Nai Soi no es un campo de refugiados, aunque sus habitantes tengan un carnet de la ONU en el que dice que lo son. Nai Soi es una especie de zoológico para humanos. Están encerrados, sólo se accede previo pago -250 bahts, unos cinco euros- y aunque el gobierno tailandés no obliga a llevar los collares, indirectamente están coaccionadas. “Los tailandeses sólo dan dinero a las familias cuyas mujeres sigan llevando los aros”, afirma Majon. Una suma de 1.500 bahts al mes exactamente, algo más de 30 euros al cambio. El resto, las que han decidido quitárselo, recibe únicamente una generosa cantidad de arroz que garantice su subsitencia. Las verduras, el curry y los demás alimentos básicos de su dieta asiática, están de nuevo reservados sólo para aquellas que mantengan la tradición y no rompan con el negocio turístico que los tailandeses tienen montado.

A pesar de ello, cada vez son más las que, como Majon, se atreven a romper con el pasado. “Tengo mil razones para dejar de llevar el collar: pesa demasiado, molesta, duele, deforma el cuello, no es práctico…”, explica. Majon es una chica moderna. Sólo hace falta echarle un vistazo para notarlo -ropa al estilo occidental, pelo negro con mechas burdeos, movimientos decididos de quien sin tener mucho mundo ha sabido imaginarlo-. Tiene 22 años y como la mayoría de las de su generación está más preocupada por su futuro que por las costumbres de antaño. Es por ello por lo que dos años atrás decidió salir de Nai Soi y solicitar su traslado a un campo de refugiados. El gobierno tailandés se lo concedió y es allí donde ahora vive, asegura que feliz, esperando una respuesta del estado neozelandés para poder trasladarse a aquel país acogiéndose a un plan de reasentamiento. “En Nai Soi no puedes acceder a este tipo de programas”, aclara, “en parte, por eso decidí desplazarme al campo”. Por eso y para alcanzar una educación mejor. “Allí tampoco hay escuela de secundaria”, prosigue, “y la de primaria no está en funcionamiento por falta de docentes”. Un paseo por el campo me permite comprobarlo en primera persona. Quizás sea por todo ello por lo que la aldea se está quedando sin habitantes. De los 164 que la poblaban en 2006, en la actualidad no quedan más de 80. “Se están marchando todos”, señala Ma-Nan con nostalgia, “les prometen que desde el campo de refugiados podrán irse a vivir a Europa, América y Oceanía y se van a probar suerte”. Ella tiene sus dudas. Cree que hacen demasiada falta en Tailandia como reclamo turístico, que el gobierno del país no las va a dejar ir tan fácilmente.

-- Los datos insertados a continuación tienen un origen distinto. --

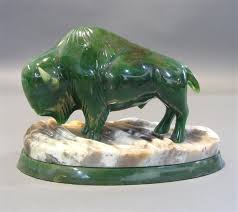 When i first saw the calcite base i knew this sculpture had to have a bear subject involved with it. Sopel Lyle Thundering Spirit 2004 Mutualart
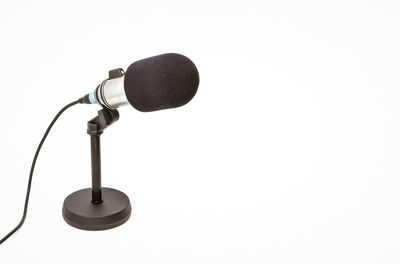 Close-up of microphone against white background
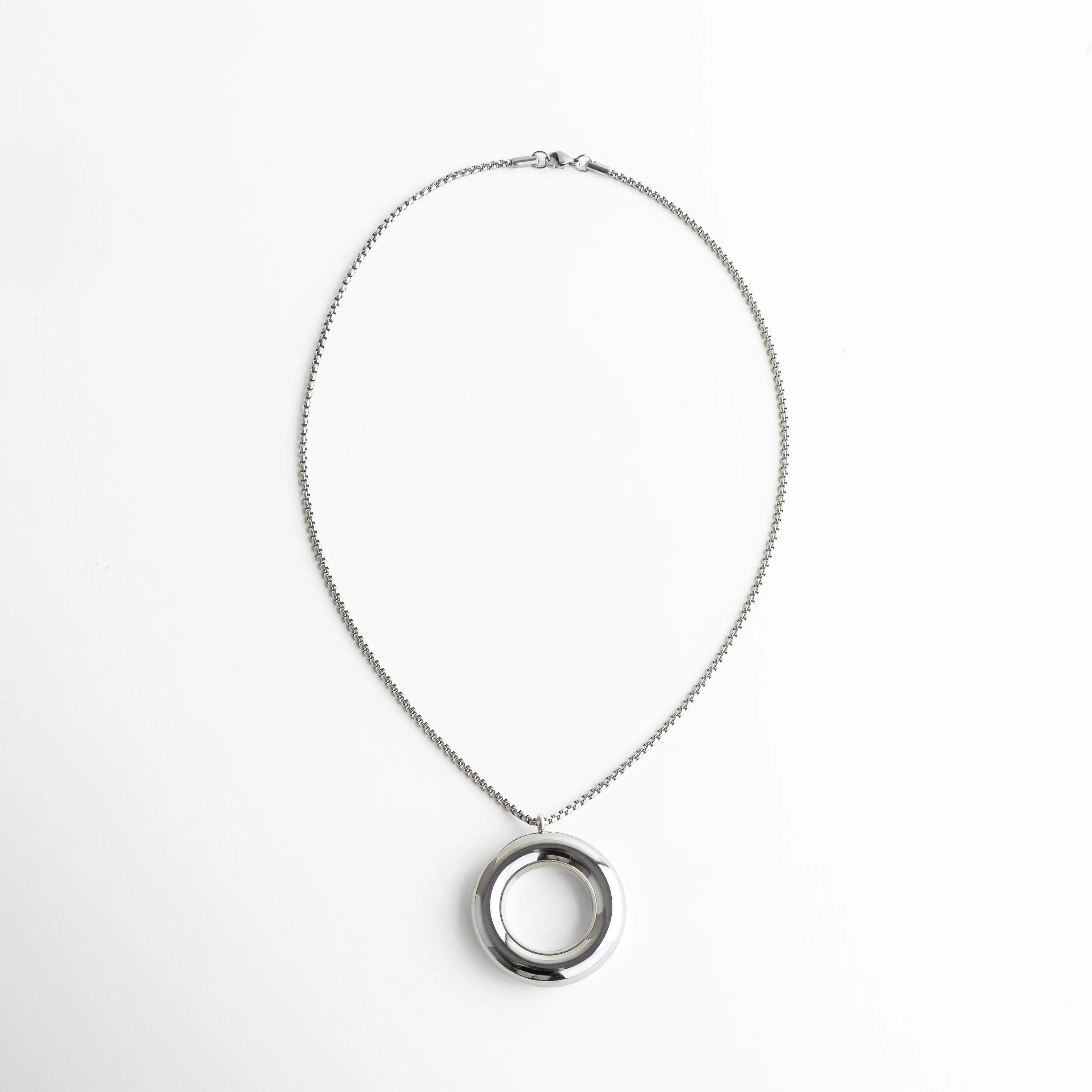 Collar plateado con cadena tipo box y dije circular hueco en el centro, que refleja la luz con un brillo metálico limpio y elegante. Su diseño de líneas suaves y equilibrio perfecto crea una estética moderna y sofisticada.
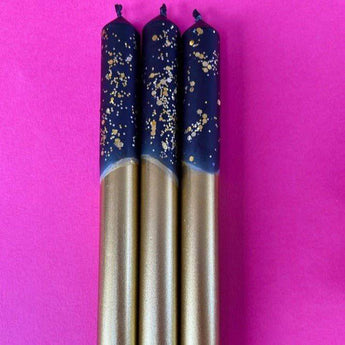 Set of three black and gold dip dye dinner candles from Colour Emporium, featuring elegant design and tapered shape.
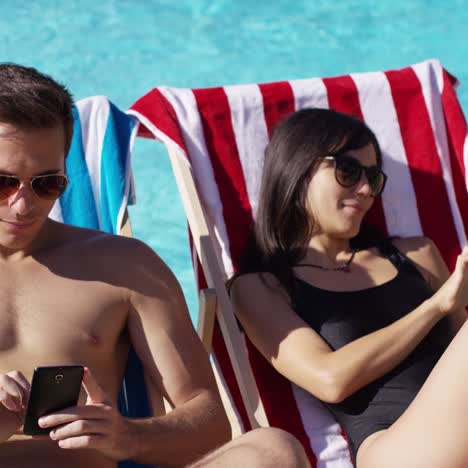 Young-couple-using-phones-at-the-swimming-pool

Un par de militares tailandeses pasea cerca del lugar en el que nos encontramos. Están bajo vigilancia permanente. Afortunadamente, ambas hablan castellano -y de ahí sus nick names, Mariana y María José- por lo que no es necesario interrumpir la conversación. En inglés hubiera sido mucho más complicado, reflexiono. Probablemente, no hubieran estado tan relajadas y hubieran silenciado muchas informaciones por miedo a posibles represalias. Me interesa saber cómo aprendieron español. “Por el turismo”, responden al unísono. “Hubo un tiempo en que venían muchos turistas a visitarnos, sobretodo españoles”. Ahora hay menos -“apenas puedo practicar vuestro idioma”, se queja Ma-Nan-, quizás desmotivados ante el éxodo permanente hacia los campos de refugiados que está dejando a la aldea Long Neck vacía y deslucida. Lamento ser tan insistente, pero no puedo evitar volver a preguntarles si jamás han tenido un libro o estudiado el castellano más allá de lo que el turismo les pudiera enseñar. Me contestan con un no rotundo, aunque Majon reconoce saber leerlo y escribirlo. “Me he carteado con bastantes turistas españoles, es una buena manera de aprender, además de que me permite mantener el contacto con la gente que viene a visitarnos”, explica. Parece increíble que su castellano no tenga ningún tipo de base académica: pronuncia en un acento perfecto, tiene una gramática correctísima y lo entiende todo a la primera sin que yo deba hacer ningún esfuerzo por vocalizar más de la cuenta o apoyar mi discurso en la gesticulación. Es inteligente, mucho. Habla casi diez idiomas y, además, asegura que entiende el vasco. “Se parece mucho a mi lengua”, aclara, “si me hablan lentamente lo entiendo todo”. Personalmente, tengo mis reservas. Pero quizás alguien debería investigarlo.